Bhutan's consumer protection agency just called out QNet for what it really is: a pyramid scheme designed to drain money from recruits rather than sell legitimate products.
The Office of Consumer Protection issued the warning on August 26th, declaring that QNET—operated in Bhutan by Vihaan Direct Selling Pvt. Ltd, an India-based company—operates as an illegal pyramid scheme. The scheme makes money by recruiting new members and paying commissions based on those recruits, not actual product sales. The few products offered online barely exist in Bhutan's physical market.
These schemes always collapse. When they do, members lose everything they invested and never see the promised returns.

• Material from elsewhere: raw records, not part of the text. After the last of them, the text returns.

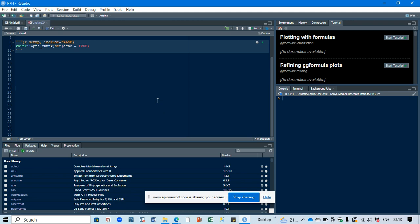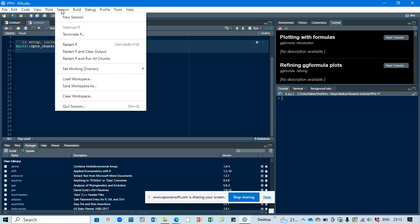First, you need to restart your R session. The way to restart your R session is not just to close R and reopen it. What you need to do is come to Session, then click Restart R.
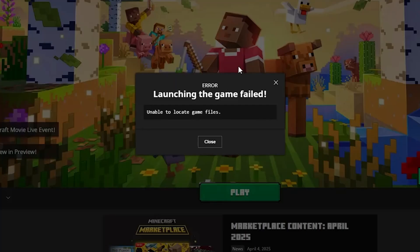If you're getting this error when you're trying to launch Minecraft and the error says launching the game failed, unable to locate game files, make sure to follow these instructions very carefully and I'll guide you on how to resolve this issue.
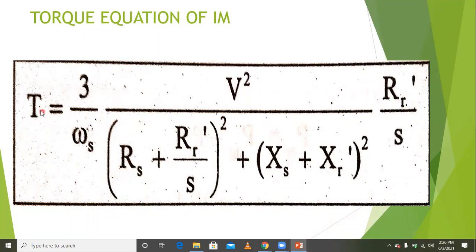In the torque equation, torque is proportional to V squared. Based on this, by controlling the voltage, the torque of the induction motor is controlled and consequently the speed of the induction motor is controlled.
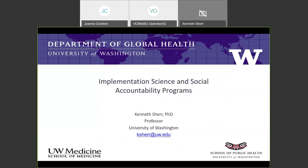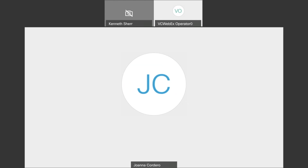Thank you. That's wonderful to hear about the interrupted time series design and the analysis plan as part of the CAPSI project — really looking forward to the results. For the third presentation, we have a speaker joining us remotely. Kenneth Sher is a professor in the Department of Global Health at the University of Washington. Dr. Sher's research focuses on developing and testing strategies to support data-driven decision making, and he has led large-scale implementation research projects, including development of the world's first PhD program in implementation science. Over to you, Kenneth.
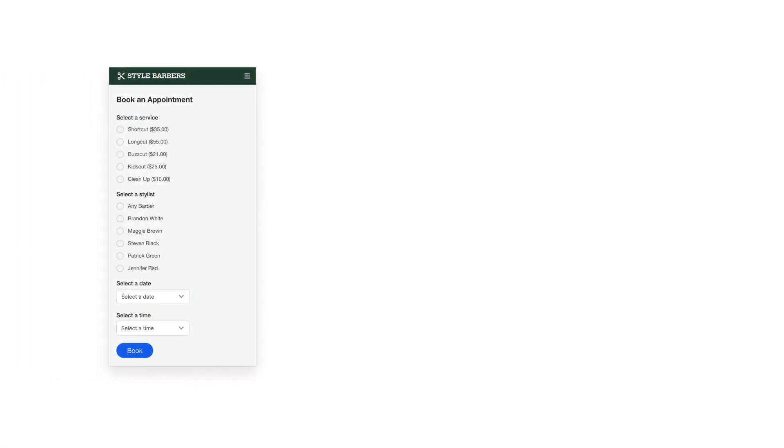What this means is that you should stop using native radio buttons when you design forms. Notice how small their touch targets are. Users will have a hard time clicking them, especially if there are many.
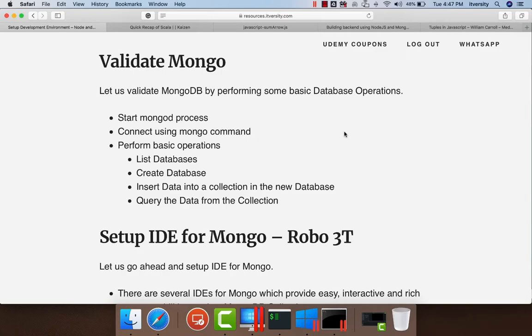As we have set up MongoDB successfully, let us go ahead and validate by performing some basic database operations. Before actually performing any basic operations, first we need to ensure that MongoDB is started without any issues.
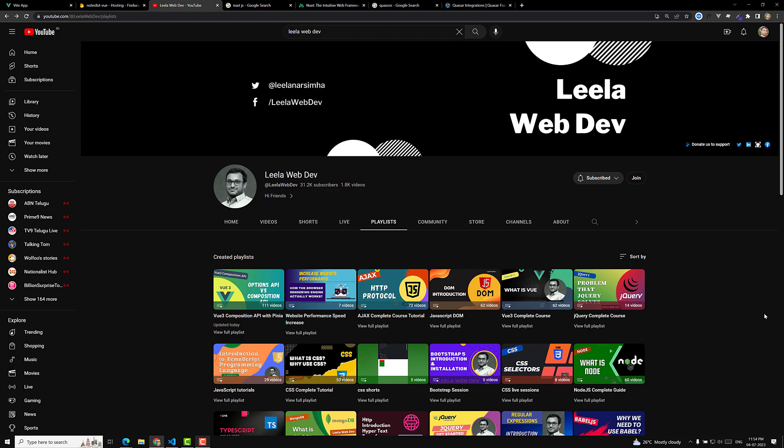Please support the channel by subscribing and watching the videos. Even if you think you know a topic, watching a video may reveal something new or offer a fresh perspective. The instructor also watches other creators' videos even when familiar with the content, because there is always something new to learn. Don't assume you know everything — keep learning, and success will follow.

Bhutanese law bans pyramid schemes outright. The Office of Consumer Protection ordered all existing promoters and members to stop recruiting immediately. The agency also warned the public to stay away entirely.
This marks the second time Bhutan has shut down QNet. In 2003, the Royal Monetary Authority found GoldQuest—QNet's predecessor—was also running a pyramid scheme.
QNet operates from Malaysia under the control of Vijay Eswaran, who uses Hong Kong shell companies to obscure the operation. Regulatory bodies in India, Côte d'Ivoire, and Afghanistan have all taken action against the company, yet Eswaran has largely evaded serious consequences.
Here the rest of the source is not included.